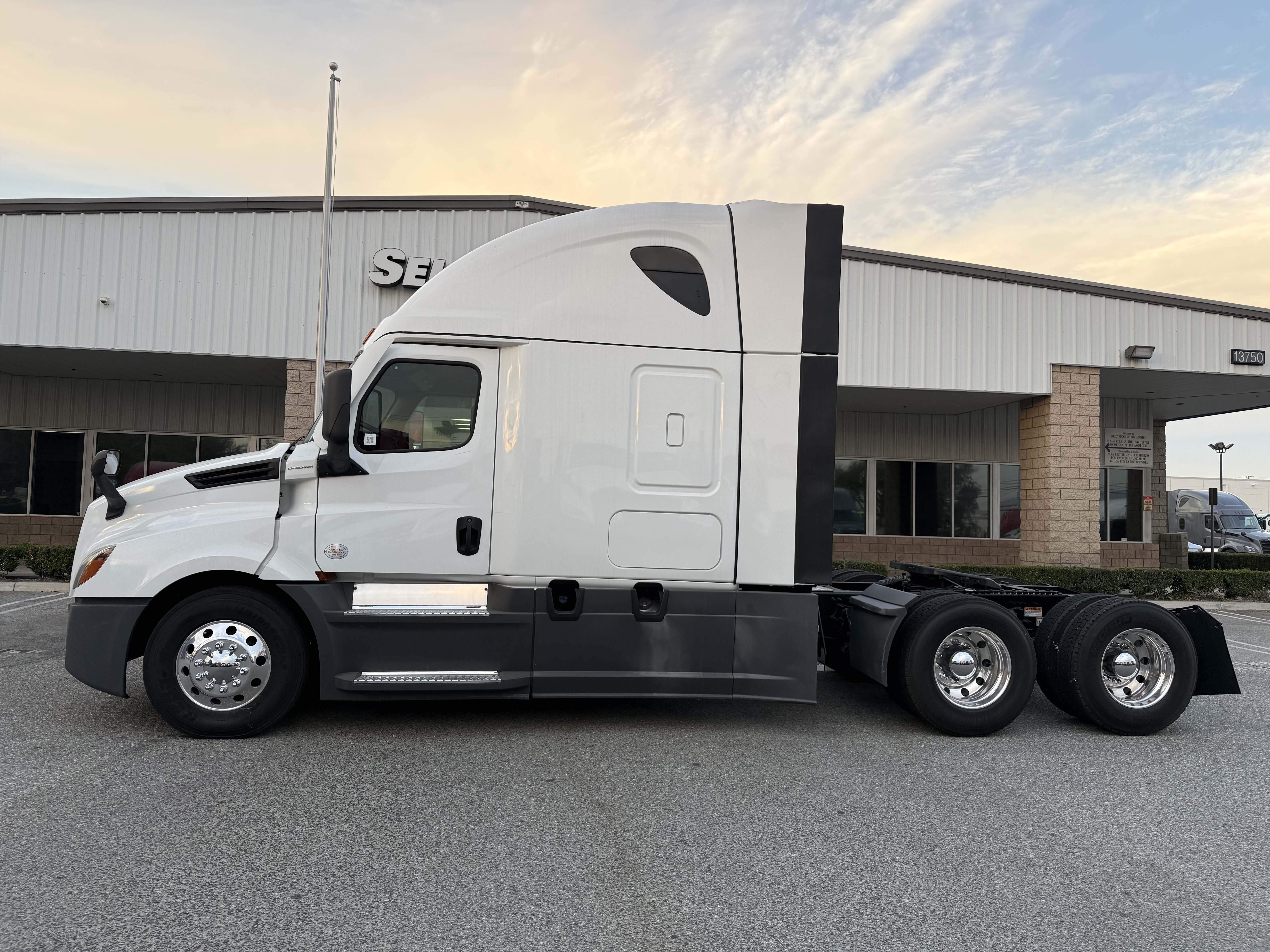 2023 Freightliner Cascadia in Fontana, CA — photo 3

--

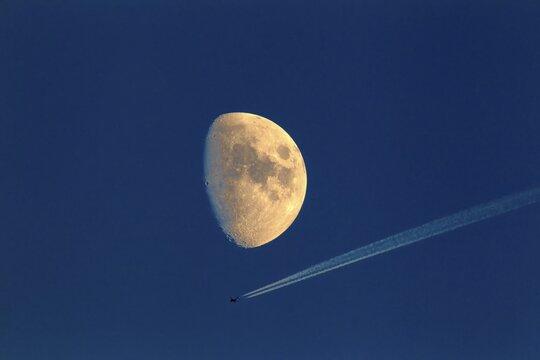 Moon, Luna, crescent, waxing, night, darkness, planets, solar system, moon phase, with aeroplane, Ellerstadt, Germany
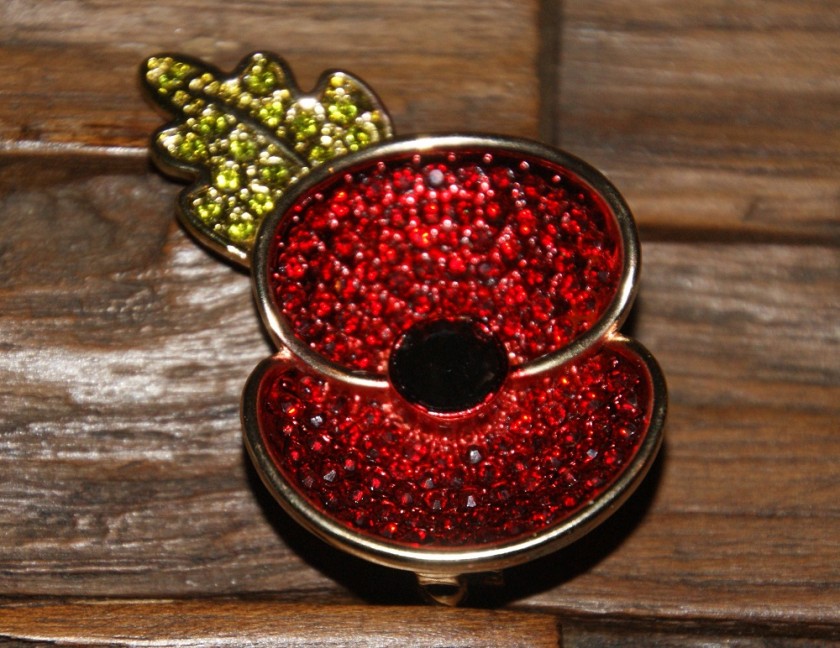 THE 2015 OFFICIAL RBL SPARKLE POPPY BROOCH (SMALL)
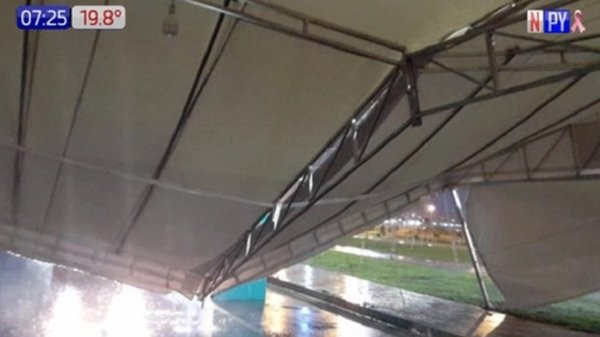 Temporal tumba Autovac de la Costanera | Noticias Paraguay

--- Task to complete ---
Starting at the line containing "THE 2015 OFFICIAL" and stopping at the line containing "Temporal tumba Autovac", output each line exactly as it appears above. Leave out the pictures.

--- Response ---
 THE 2015 OFFICIAL RBL SPARKLE POPPY BROOCH (SMALL)
 Temporal tumba Autovac de la Costanera | Noticias Paraguay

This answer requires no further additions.